(Data excerpts)
+ + + + +

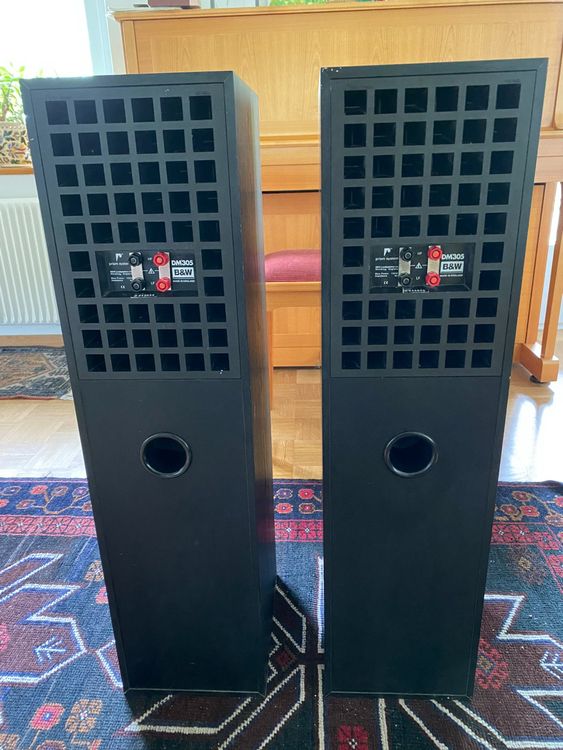 B&W BOWERS AND WILKINS DM 305 Lautsprecher Kaufen auf Ricardo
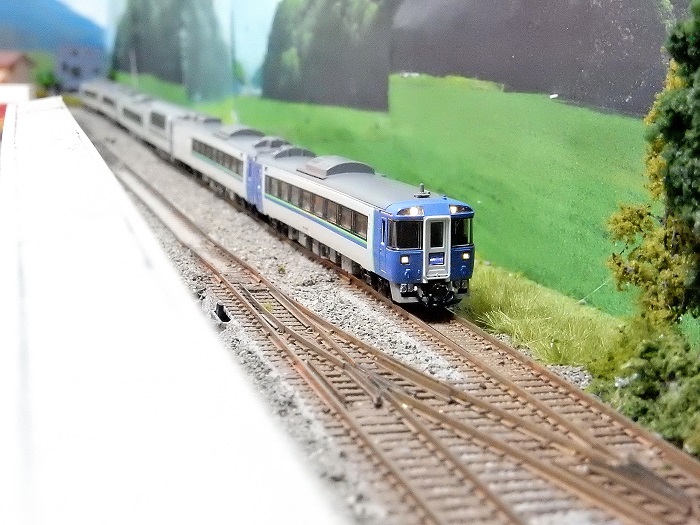 Nゲージ鉄道模型】＜車両工作＞TOMIX キハ183系2550番台（HET)特急北斗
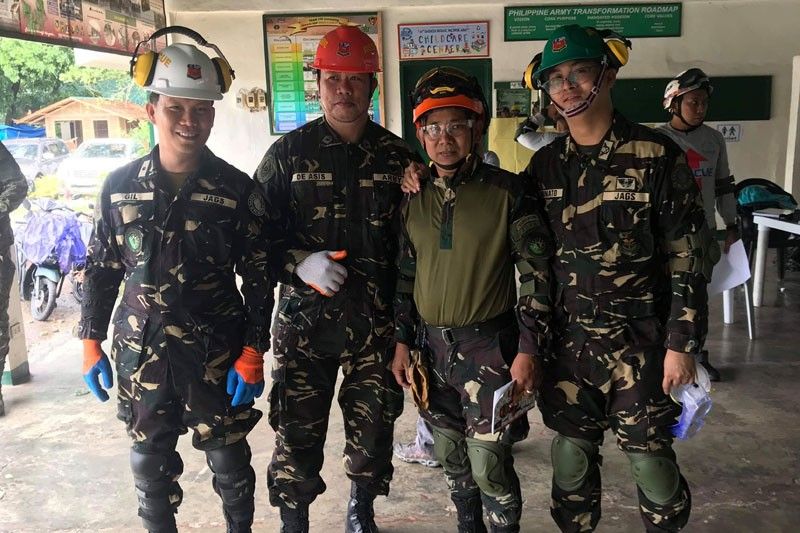 Abogado, nurse nigradwar sa army training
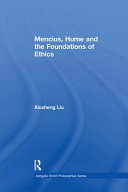 Mencius, Hume and the foundations of ethics /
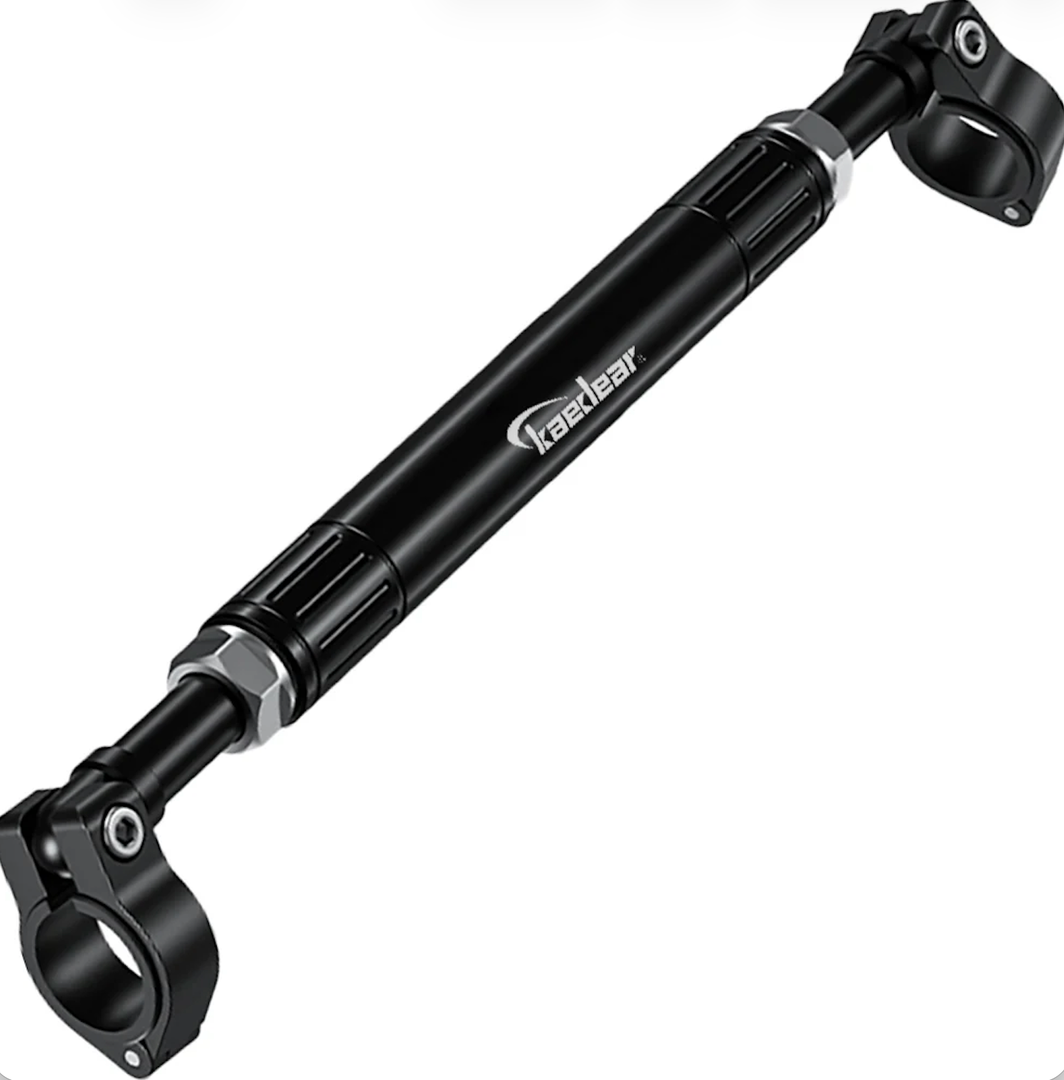 Adjustable Handlebar Brace Bar, Aluminum, Motorcycle Multi-Bar, for Phone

+ + + + +

Leave out the pictures, and write out exactly the lines from the line containing "Mencius, Hume and" through the end of the records above.

### Task result
 Mencius, Hume and the foundations of ethics /
 Adjustable Handlebar Brace Bar, Aluminum, Motorcycle Multi-Bar, for Phone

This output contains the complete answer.